Alas, the rains came again and the earth moved and the tunnels were blocked, and it became clear that even the newly established NCRA (1989) was not ready to take on the canyon.

Which is not to say it won’t ever happen. Allan Hemphill, a Sonoma County vintner who has been chasing those phantom trains up and down the tracks through four counties for three decades, is a believer.

Hemphill, who refurbished an elegant dining car to entertain wine buyers in eastern cities (and a sleeping car for staff to travel in) when he was president of Chateau St. Jean Winery, has been talking train talk to county, state and federal officials since the 1980s.

“Those were the days, remember, when they were talking about ripping up the rails and turning the right-of-way into a bus highway,” he says.

When the NCRA was established, Hemphill, with Healdsburg’s Bob Anderson and two Sonoma Valley advocates, Bob Stone and Charlie Cooke, lobbied hard to convince Sonoma County to join in, which happened in 1993 — clearing the tracks, you might say, for the advent of SMART.

It’s nigh impossible to convince Hemphill and his fellow NCRA board members that the Eel River route is not salvageable. But they know how long and hard it will be. It, once again, depends on the tenacity of those Eureka businessmen.

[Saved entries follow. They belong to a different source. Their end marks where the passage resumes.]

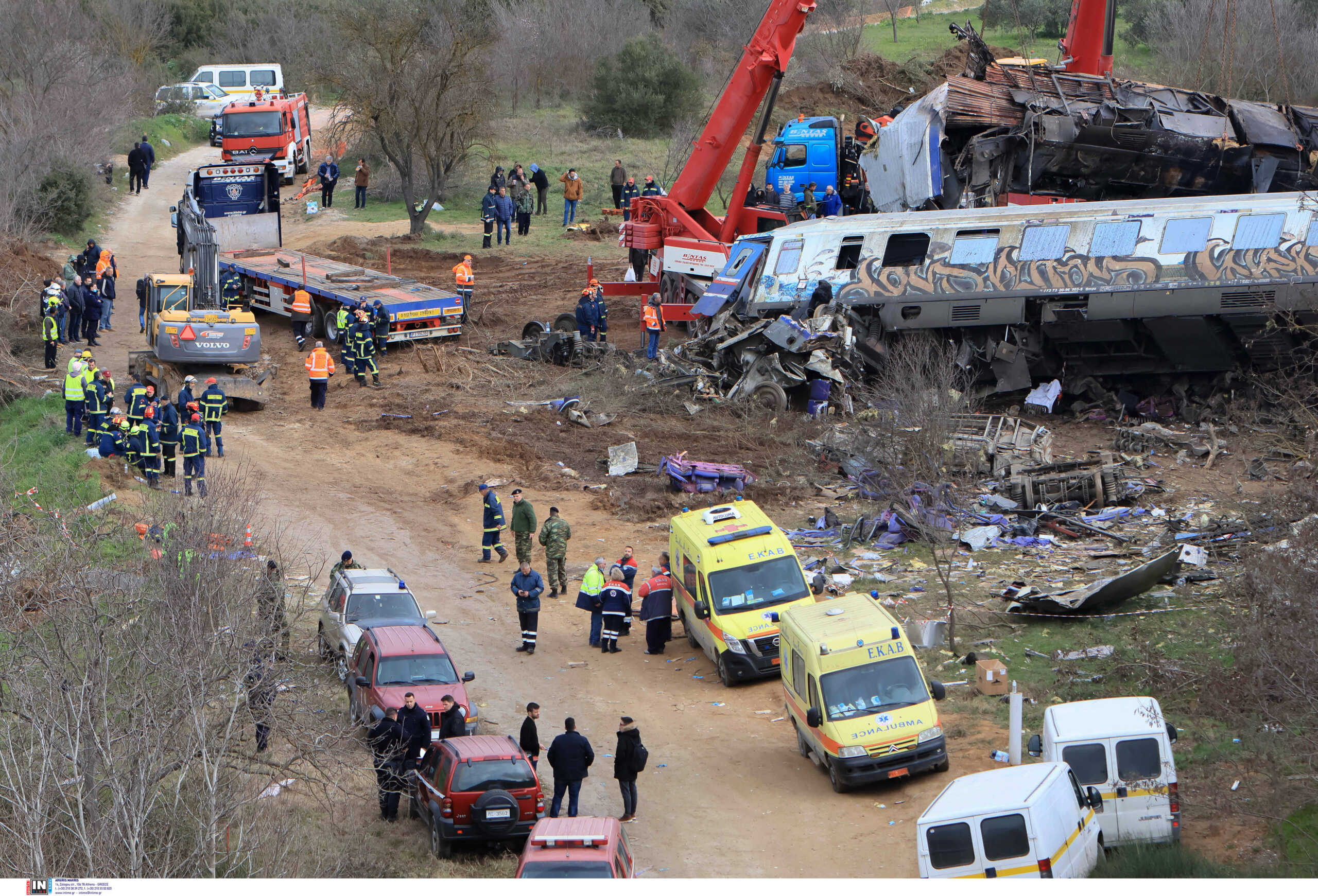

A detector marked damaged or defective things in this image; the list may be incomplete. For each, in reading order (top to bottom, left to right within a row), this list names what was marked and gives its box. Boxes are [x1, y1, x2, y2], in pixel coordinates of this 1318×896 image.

wrecked train carriage [706, 192, 1318, 387]
torn metal sheet [609, 440, 640, 477]
torn metal sheet [996, 545, 1186, 617]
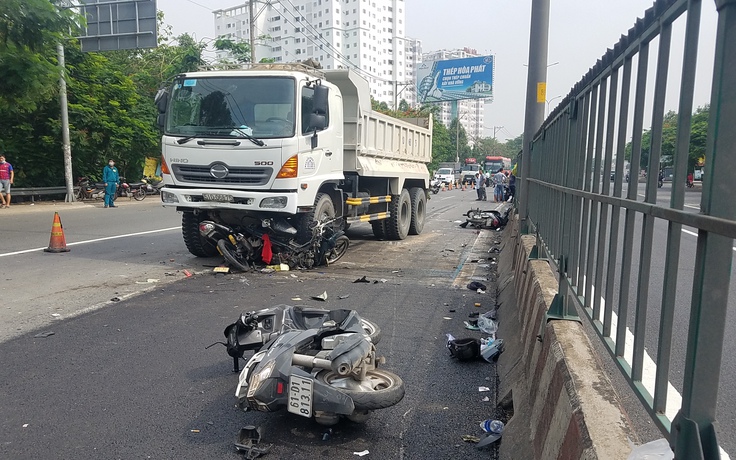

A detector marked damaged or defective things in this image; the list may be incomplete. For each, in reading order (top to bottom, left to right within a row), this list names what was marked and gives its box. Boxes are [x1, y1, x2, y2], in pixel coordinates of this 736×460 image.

wrecked motorbike under truck [154, 63, 432, 268]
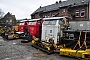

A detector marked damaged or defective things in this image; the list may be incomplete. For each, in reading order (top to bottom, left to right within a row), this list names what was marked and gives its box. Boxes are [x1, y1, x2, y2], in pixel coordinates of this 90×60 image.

rusty metal surface [0, 36, 77, 59]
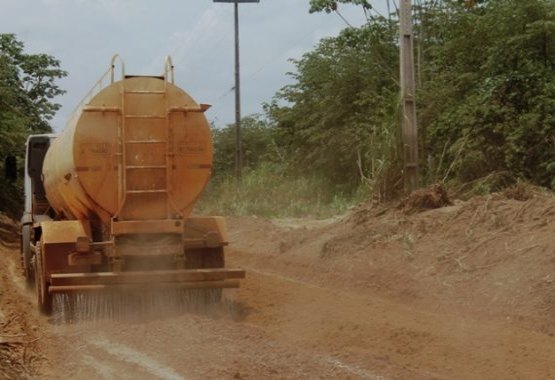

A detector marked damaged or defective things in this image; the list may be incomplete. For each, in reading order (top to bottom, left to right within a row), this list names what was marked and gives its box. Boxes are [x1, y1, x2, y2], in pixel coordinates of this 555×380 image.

rusty tank surface [22, 55, 243, 314]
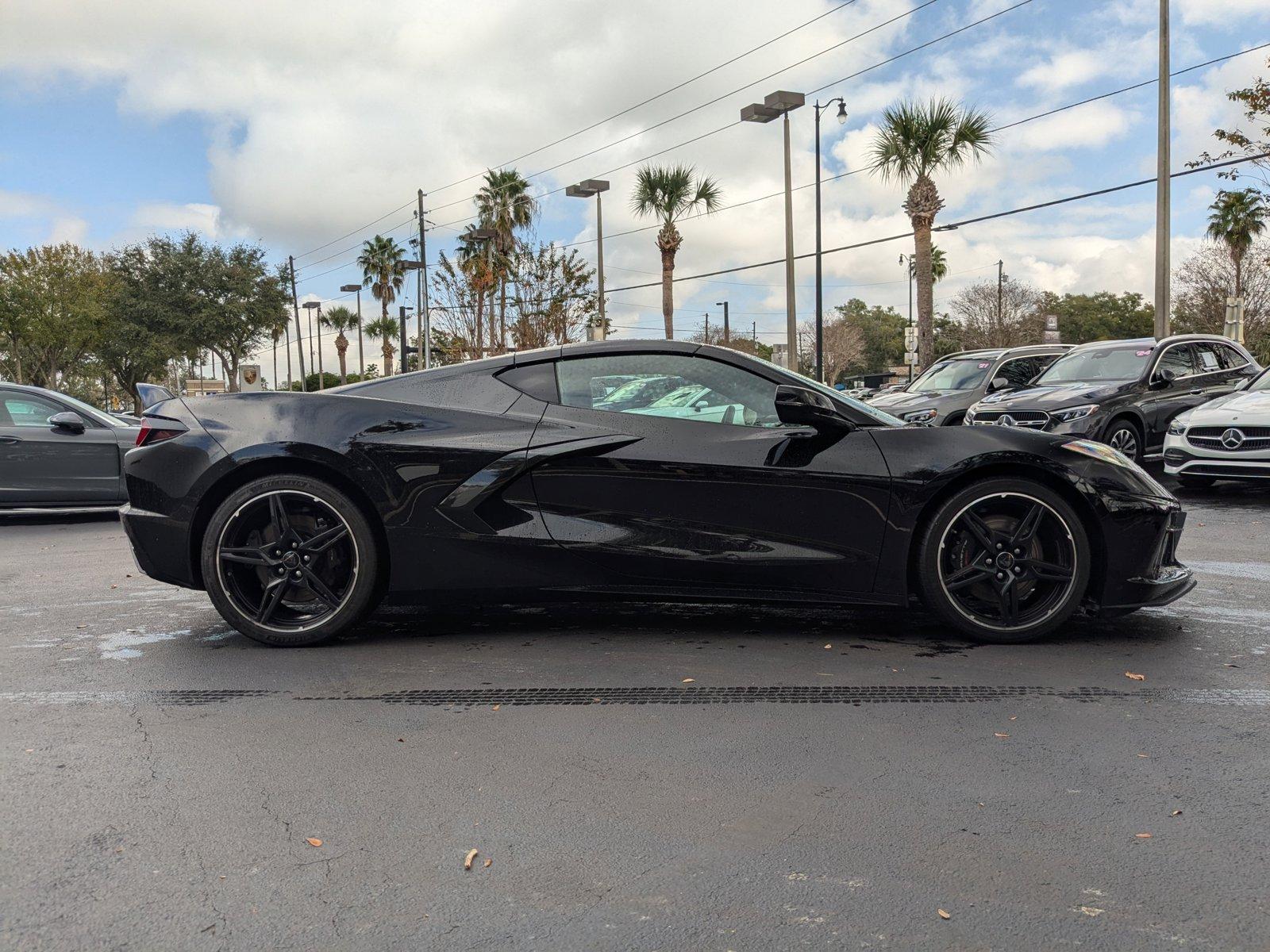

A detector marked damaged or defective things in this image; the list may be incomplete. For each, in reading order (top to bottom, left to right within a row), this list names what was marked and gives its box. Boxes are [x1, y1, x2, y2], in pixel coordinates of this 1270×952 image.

cracked asphalt [2, 472, 1270, 952]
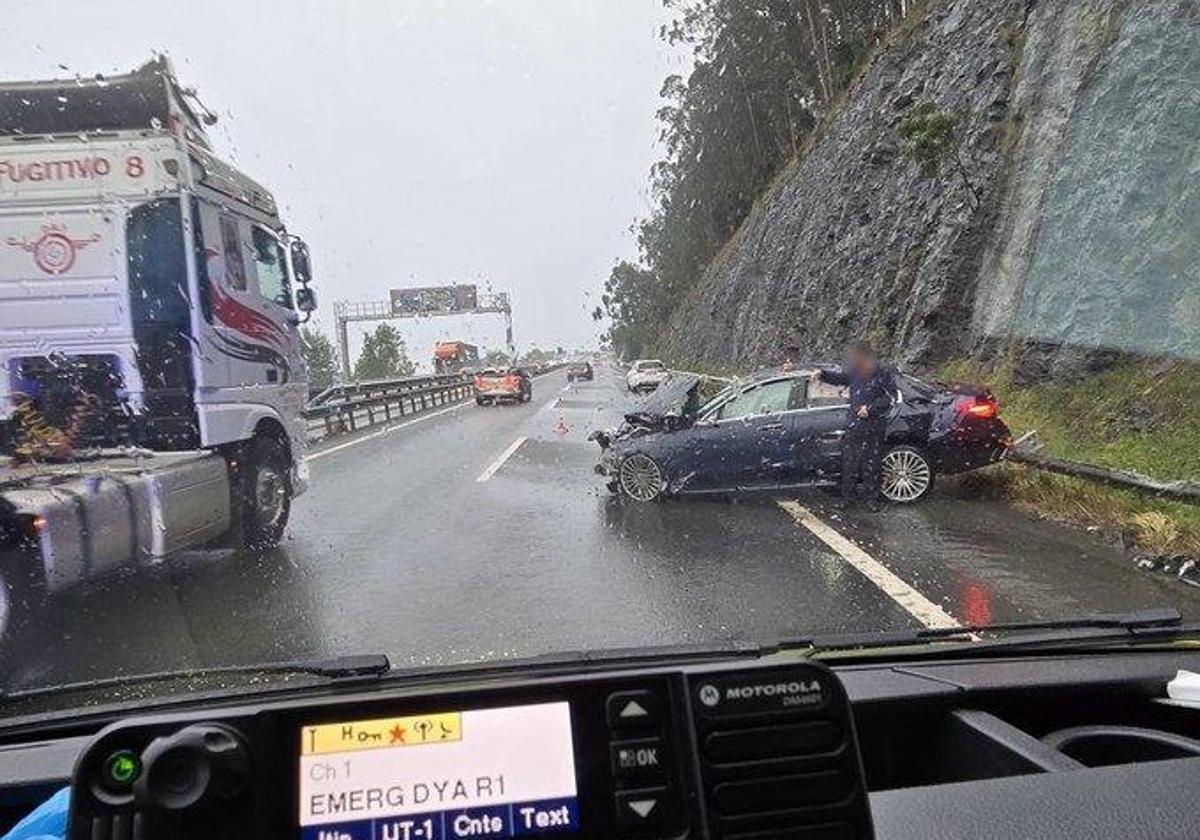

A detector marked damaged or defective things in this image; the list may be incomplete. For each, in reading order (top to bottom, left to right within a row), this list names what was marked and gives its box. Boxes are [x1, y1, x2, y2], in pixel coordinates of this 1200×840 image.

crashed dark car [592, 364, 1012, 499]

Eureka still has high hopes of becoming a deep-water port, a movement that was knocked back by the recession but is still very much alive up there, Hemphill says.

Water and rail are the keys to establishing an industrial center around Humboldt Bay.

“And we say to them,” Hemphill says, “God bless you. Show us you have a need for us and we’ll try to find a way.”

As any rail proponent is quick towill tell you, a loaded freight car takes four big rigs off the highway and a gallon of diesel can move a ton of freight over 400 miles.

As gas goes up in price, so do the chances that “she’ll be comin’ round the mountain,” someday.